I will always remember the moment I ran into my band director in the Astoria Middle School office, after being sent to find construction paper by one of my teachers that year. I had no idea that this casual encounter would end up pointing me down the path that has brought me to where I am today. At that time, music wasn’t a huge part of my life. I had switched into band from choir due to my distaste towards the teacher, and decided to play flute because that is what my friends played. During that encounter, knowing my history with dance, my band director asked me if I would be interested in being a part of the high school marching band’s color guard, which I excitingly said yes to. I didn’t really know what I was getting myself into, but to this day, it was the greatest thing I ever agreed to.
You could feel the magic and energy in the air as we loaded the truck after our final rehearsal. From that point on, it was as if the next three hours flashed before my eyes. Before I could blink, I was on the field playing my final show with the group that shaped my entire life. During the closing of our show, I glanced over to my best friend as our eyes filled with tears, realizing it was actually all over. We exited the field and circled up for the traditional senior speeches. Parents came to hug me as tears streamed down my face. After each of the other seniors had spoken, it was finally my turn. I had been dreaming of and dreading this moment for years, and now it was time for my final words to the group.
“Long live all the magic we made on that field tonight,” I remember saying to the group, quoting a Taylor Swift song. I waited for a smirk from my best friend, acknowledging she had noticed the reference before continuing. “After a performance like that, I don’t care what the numbers say. None of it matters. What’s important is the love, and I love all of you so much. Thank you for an amazing final run.”
Shivering in the twenty-three degree temperature, we eagerly awaited the announcement of scores. We did win that night, in our hearts and in the eyes of the judges, who placed us first in Open Class (all bands with more than one hundred members – we had twenty-nine), in addition to five caption awards. As great as it felt taking home those trophies, what felt better was realizing that together, we did something that had not been done in previous years. The band that took the field that night wasn’t just a band; it was a family.
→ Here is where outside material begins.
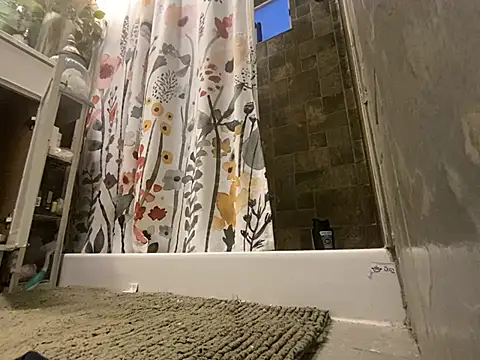 xxxenzo1 online show from January 18, 2:44 pm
Shiny silver trophies now sit in the band room of Astoria High School, but only the members who experienced that evening can speak for the true accomplishments of that season. Even with the challenges we faced and the number of adversities, we still managed to defy the odds of being crowned champions that night. This accomplishment created a platform for the future of this group to grow on, as well as serve as a driving force of my personal music career.
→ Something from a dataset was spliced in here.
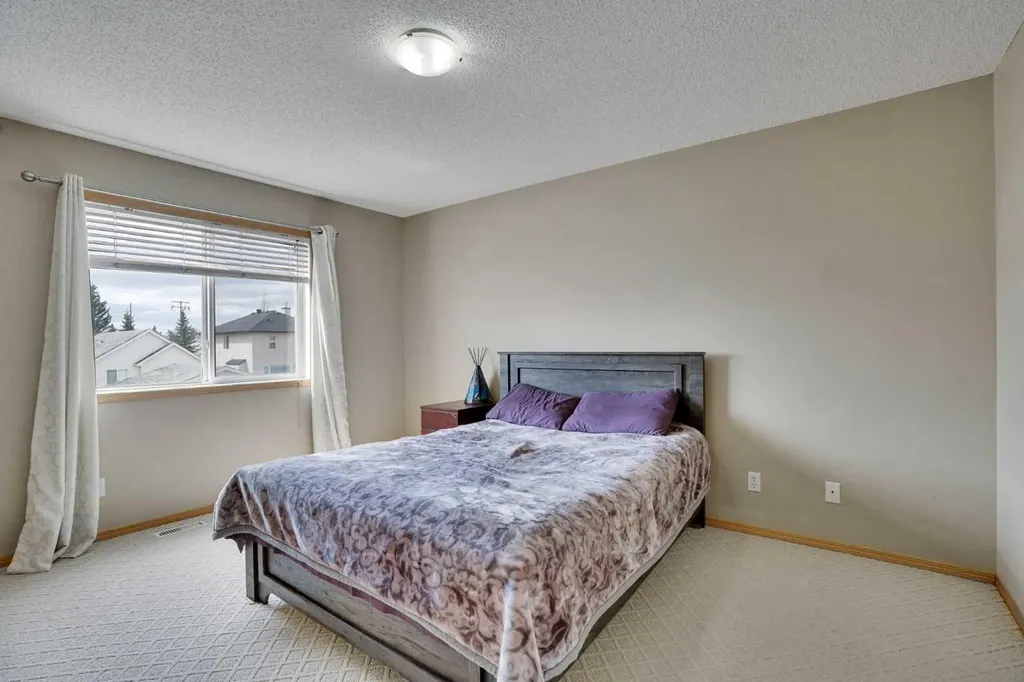75 Taralea Crescent NE Calgary AB T3J 5A8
“You don’t have to be big to win,” the judge announced, calling out our score. We already knew that, because all you need to win is love.
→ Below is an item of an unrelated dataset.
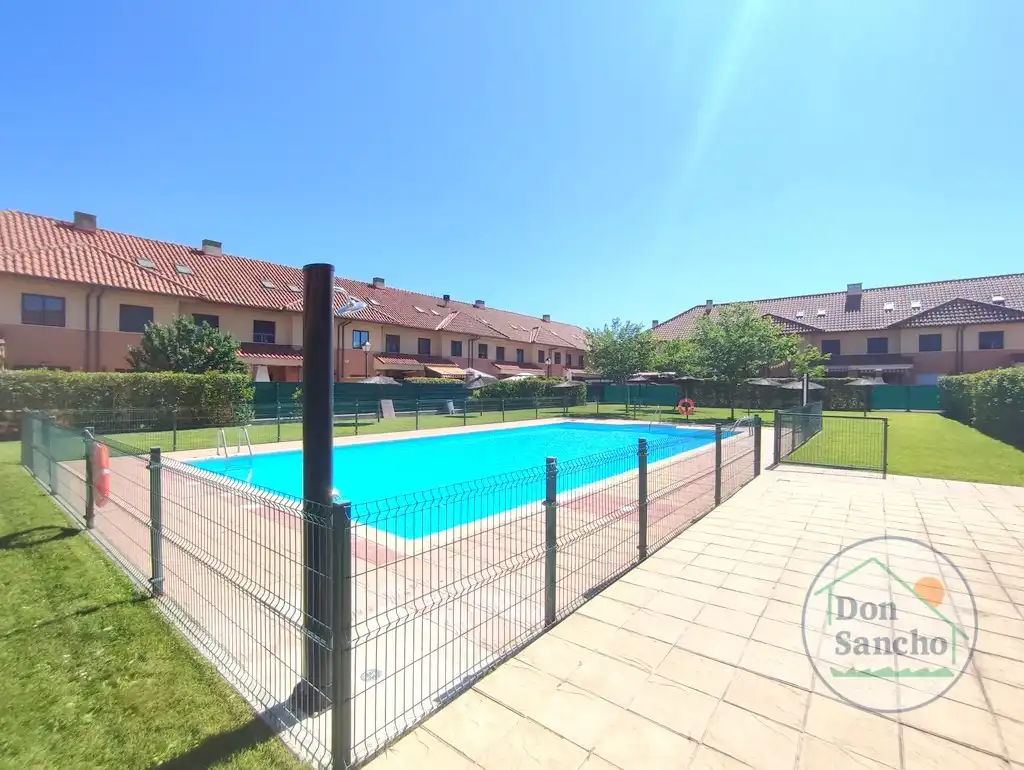 Piscina de Casa adosada en venta en Viana de Cega con Calefacción, Jardín privado y Terraza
Moving on into college, I was unable to forget this night. However much my visions for my future changed, I could always remember what it felt like to love music, and to love the people who I could make music with. Over time, those friendships faded and I found a new family to fall into. As time moves forward and graduation creeps closer, I find myself feeling similarly to the way I did at my last marching band show; happy, sad, excited, scared. Fearful and curious of the future in front of me, and thankful for the memories I’ve made along the way. While the future is intimidating and unknown, I know now that our dreams our inevitable, and while our successes and failures may change us, it is the people around us who move us forward.